◆ Work order ◆
Copy the lines below exactly, starting with the first and finishing with the one holding "Vigo estrea o"; do not copy the pictures.

◆ Extracted entries ◆

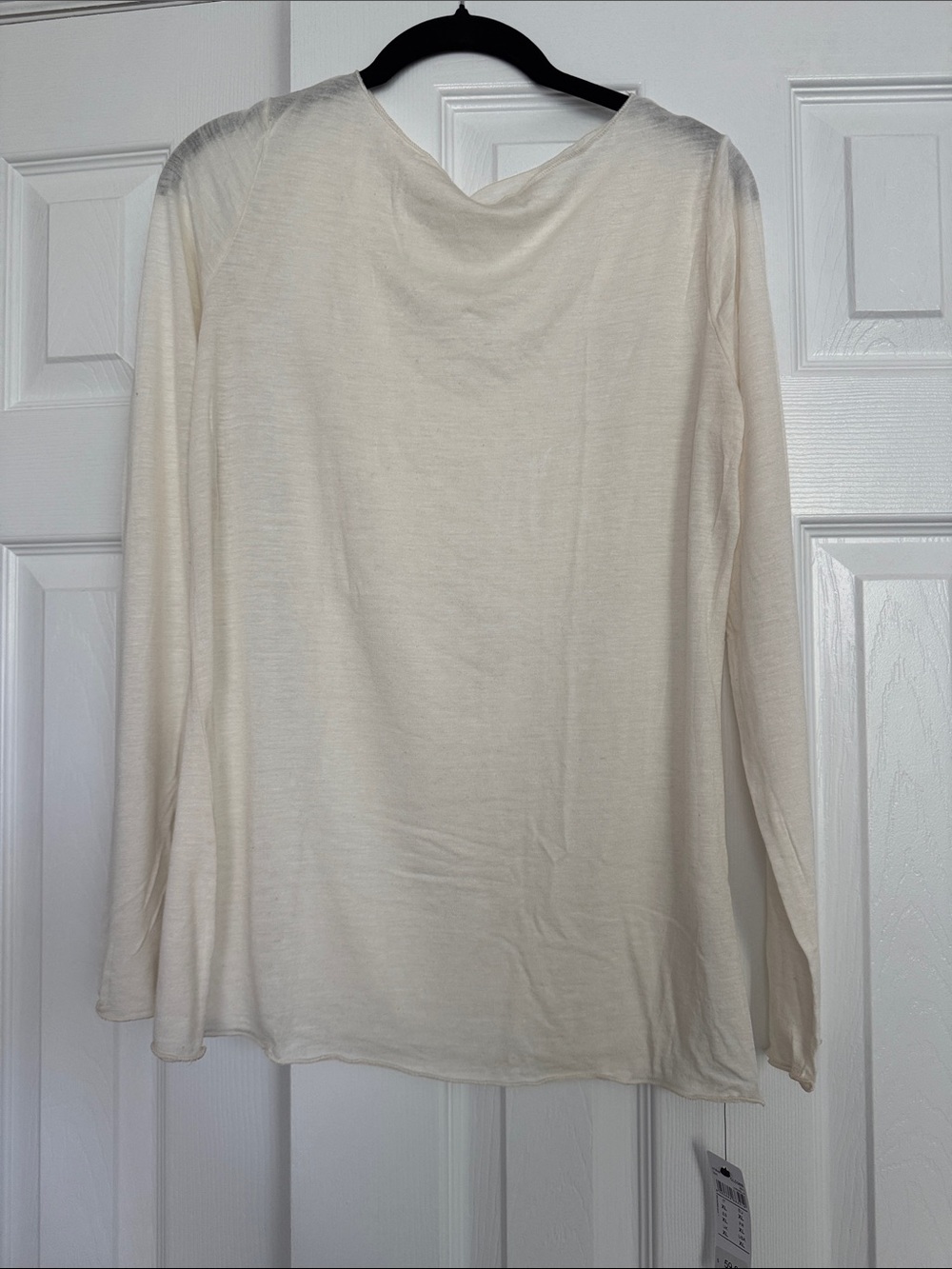 Intimissimi UltraLight w/Cashmere Cream Long-Sleeve Women's Top Size XL NWT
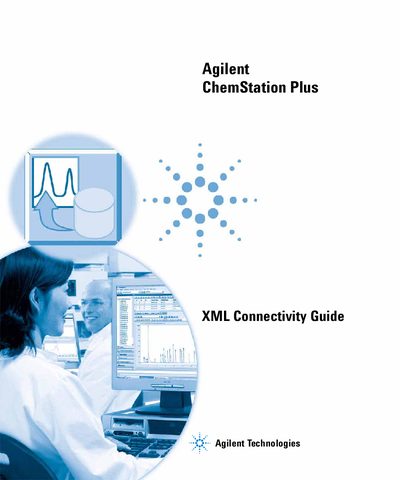 Agilent ChemStation Plus XML Connectivity Guide - cover page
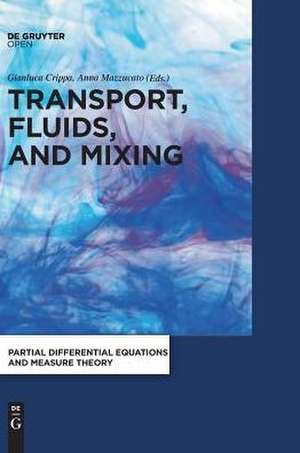 Transport, Fluids, and Mixing de Anna Mazzucato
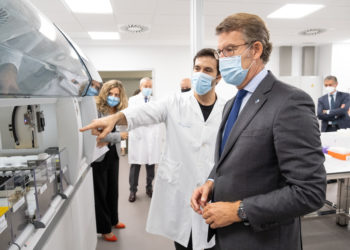 Vigo estrea o novo laboratorio de Microbioloxía para o sistema ‘pooling’ de cribado da Covid-19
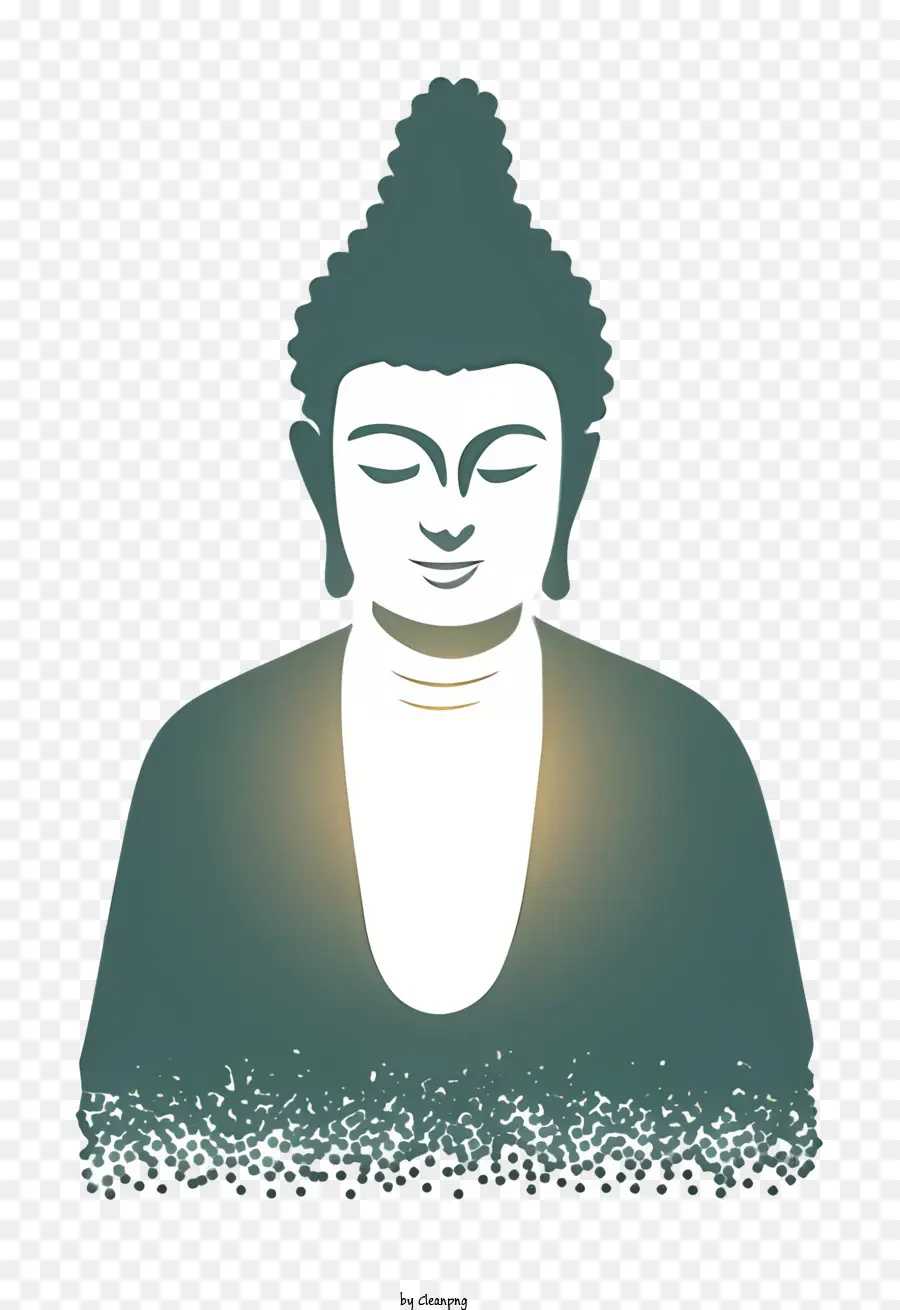 Bodhi Día，Estatua De Buda PNG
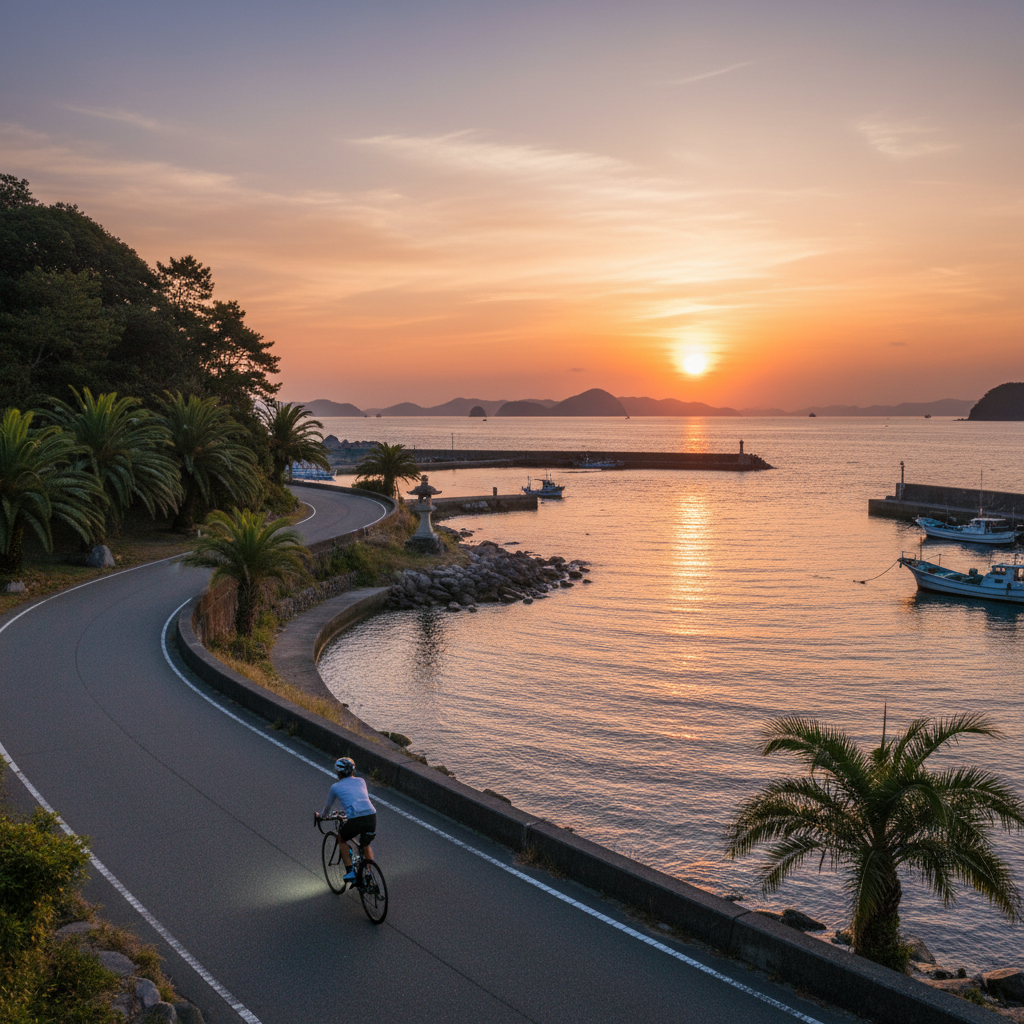 瀬戸内海の夕日サイクリング：究極の絶景コースと計画術を徹底解説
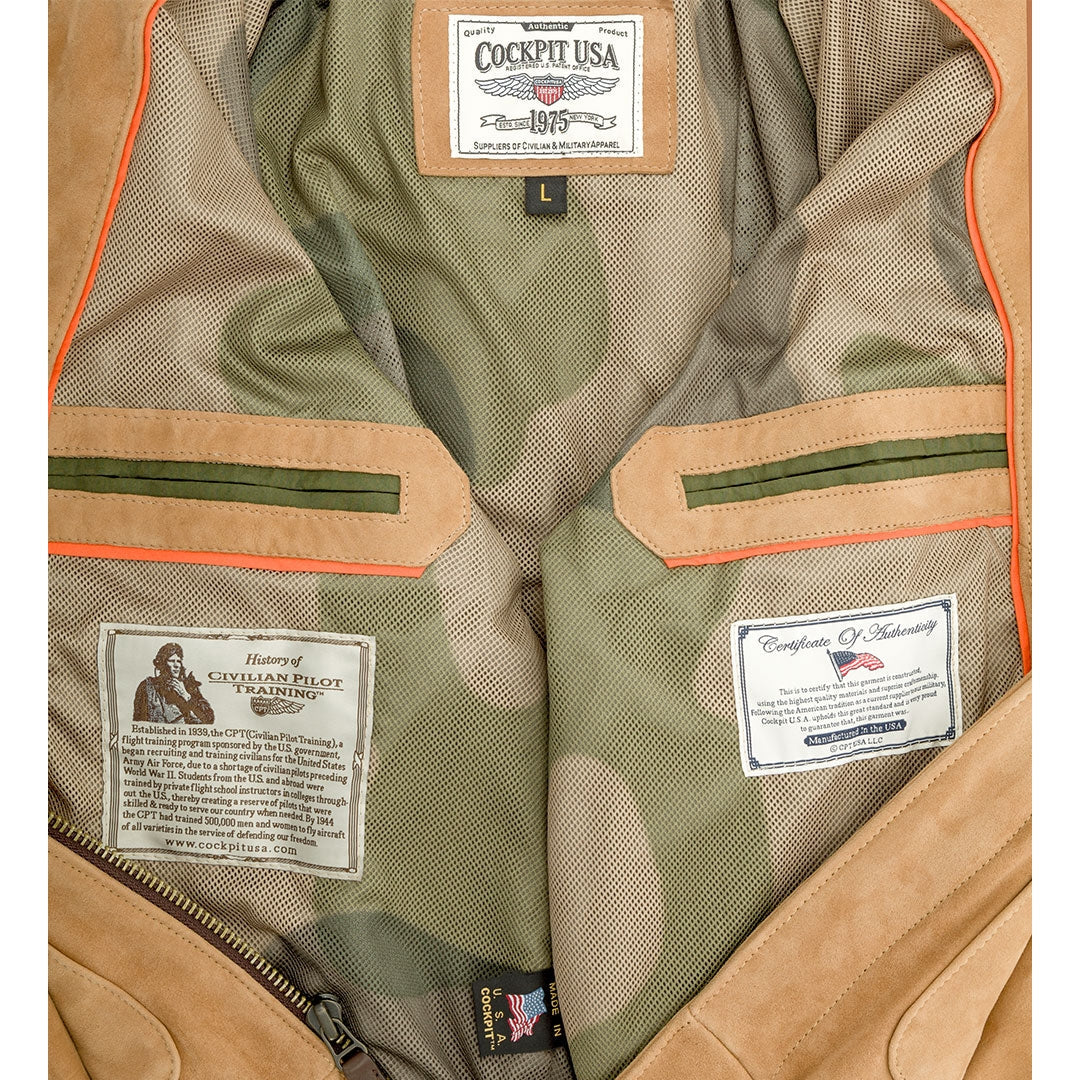 OakLeather Gentleman Pilot A-2 Jacket Tobacco Brown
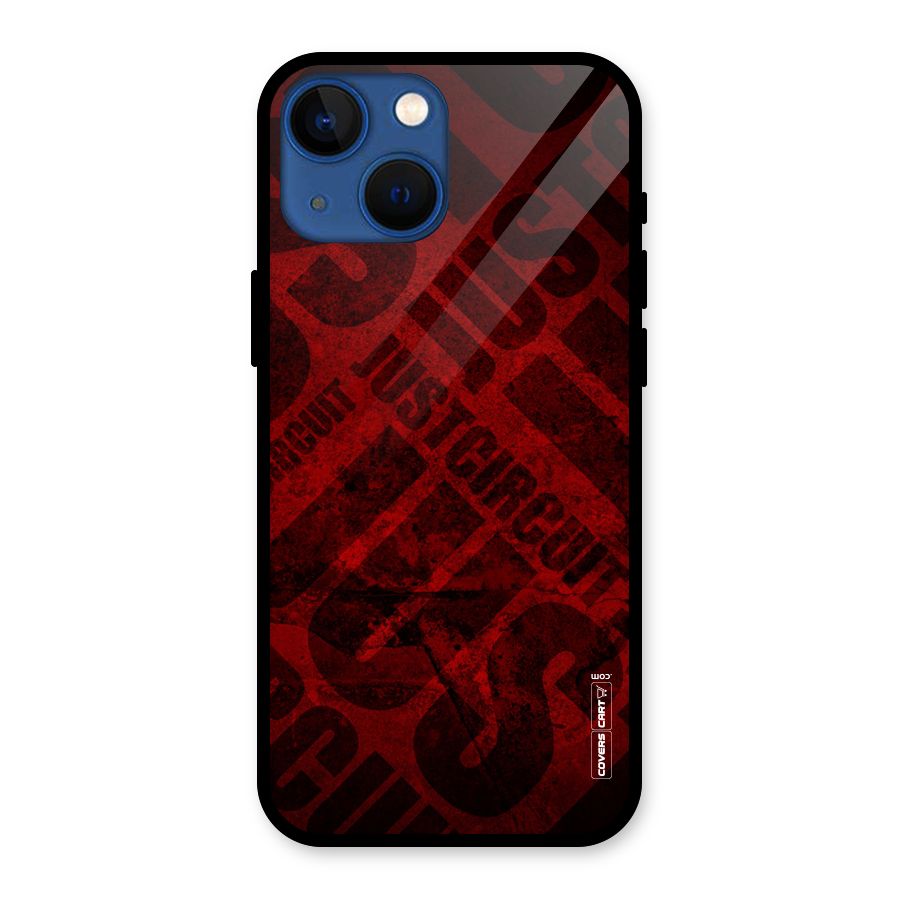 Just Circuit Glass Back Case for iPhone 13 Mini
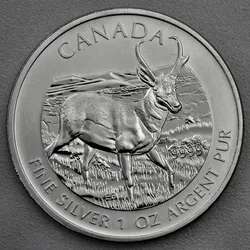 Silbermünze 1oz Antilope 2013 Wildlife Kanada (Kanada)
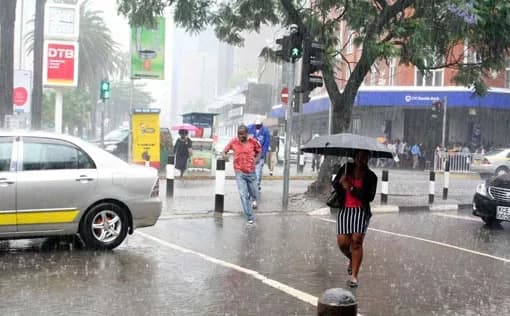 Met: Expect rainfall in most parts of Kenya this week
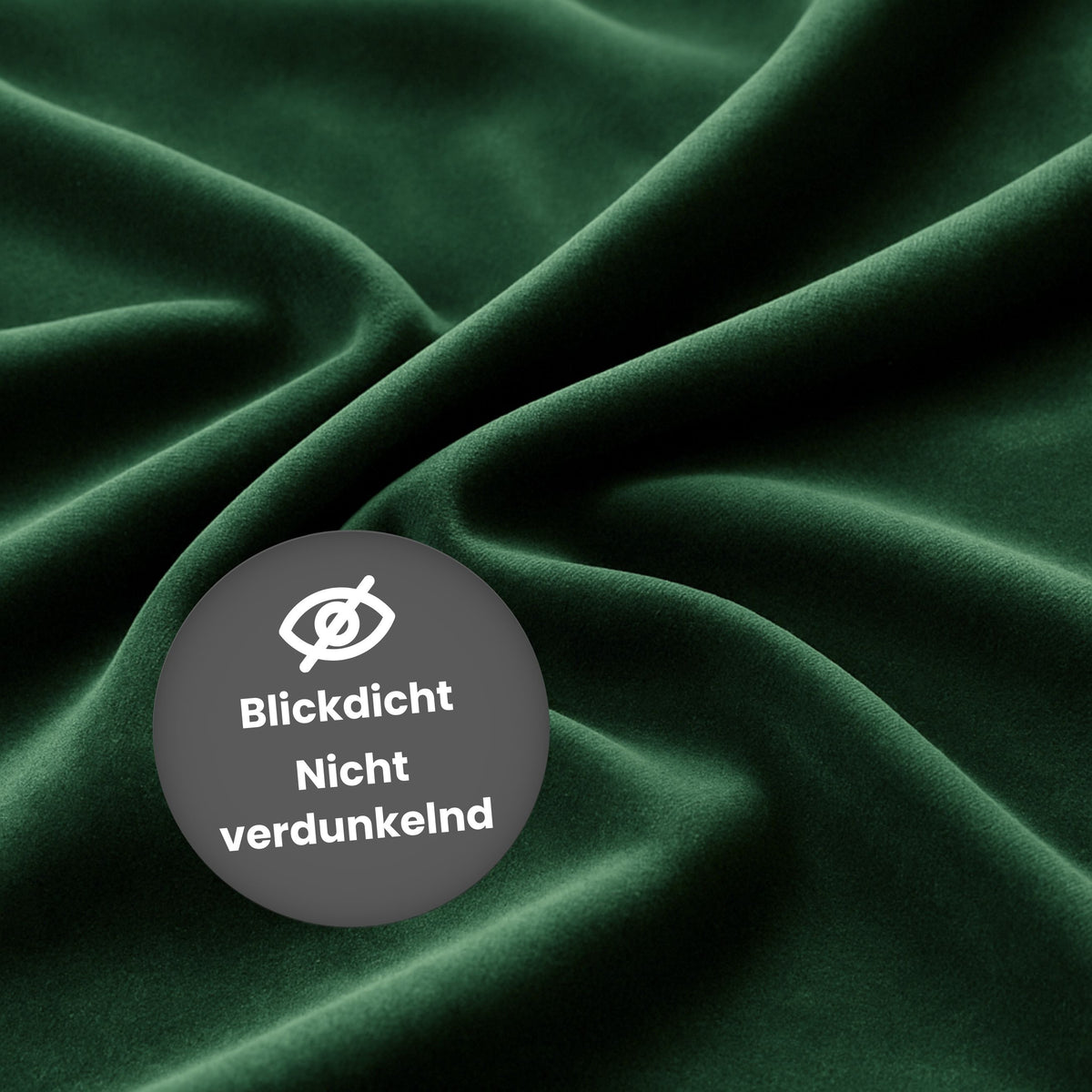 Nachtvorhang "Samtvorhang" flaschengrün Velvet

◆ Solution to the exercise ◆
 Intimissimi UltraLight w/Cashmere Cream Long-Sleeve Women's Top Size XL NWT
 Agilent ChemStation Plus XML Connectivity Guide - cover page
 Transport, Fluids, and Mixing de Anna Mazzucato
 Vigo estrea o novo laboratorio de Microbioloxía para o sistema ‘pooling’ de cribado da Covid-19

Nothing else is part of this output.